[TASK INSTRUCTIONS] Nothing in the copy should be a picture; everything else in the listing is to be restated exactly.

[STORED DATA]

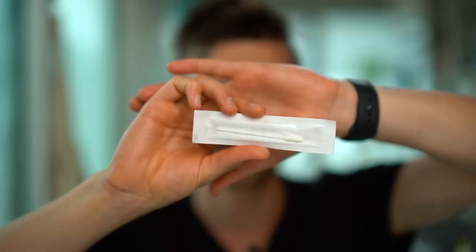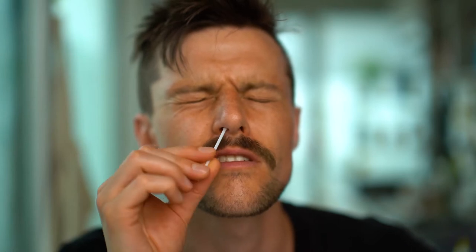Okay, so this is actually really easy to do. Here's the swab now. Okay, here we go — ten seconds. Two, three, four, five, six, seven, eight, nine, ten.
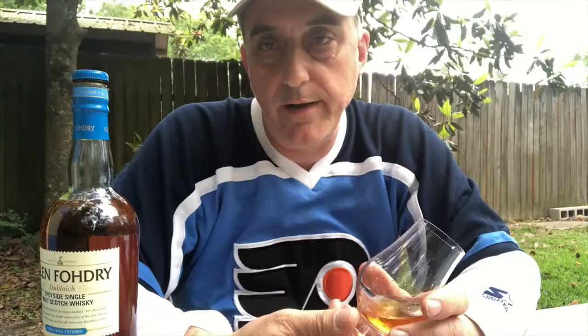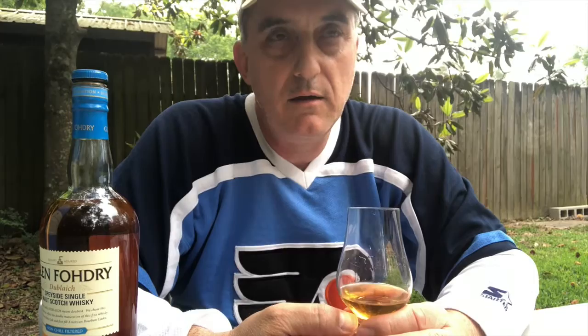This is very inexpensive — probably less than a $40 bottle. That's actually what makes me think it's Glenfiddich, because I can't imagine that Balvenie is going to have something that inexpensive. I don't know a lot about Kininvie, but that's why I'm thinking it's probably Glenfiddich in here.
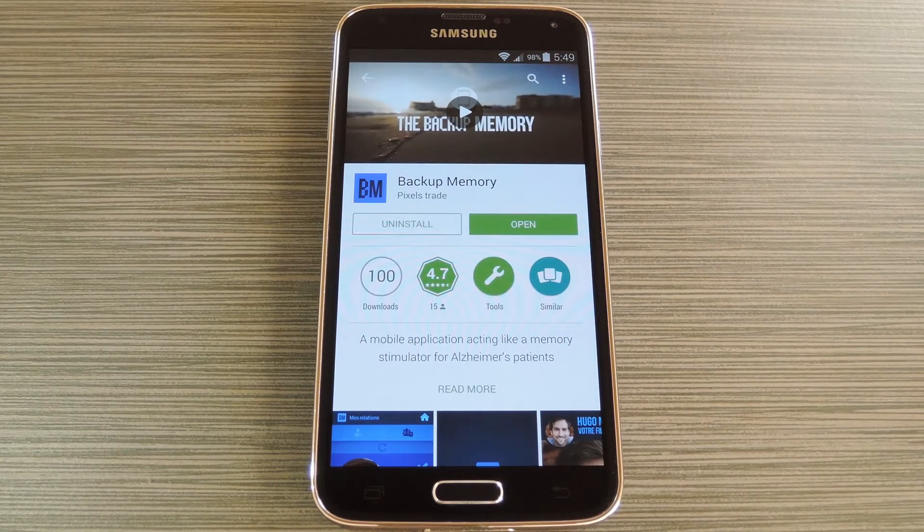Hey, what's up everybody, it's Dallas with GadgetHacks, and today I'm going to show you how to set up an app that may actually help your loved one stave off Alzheimer's symptoms.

[SOLUTION]
Okay, so this is actually really easy to do. Here's the swab now. Okay, here we go — ten seconds. Two, three, four, five, six, seven, eight, nine, ten.
This is very inexpensive — probably less than a $40 bottle. That's actually what makes me think it's Glenfiddich, because I can't imagine that Balvenie is going to have something that inexpensive. I don't know a lot about Kininvie, but that's why I'm thinking it's probably Glenfiddich in here.
Hey, what's up everybody, it's Dallas with GadgetHacks, and today I'm going to show you how to set up an app that may actually help your loved one stave off Alzheimer's symptoms.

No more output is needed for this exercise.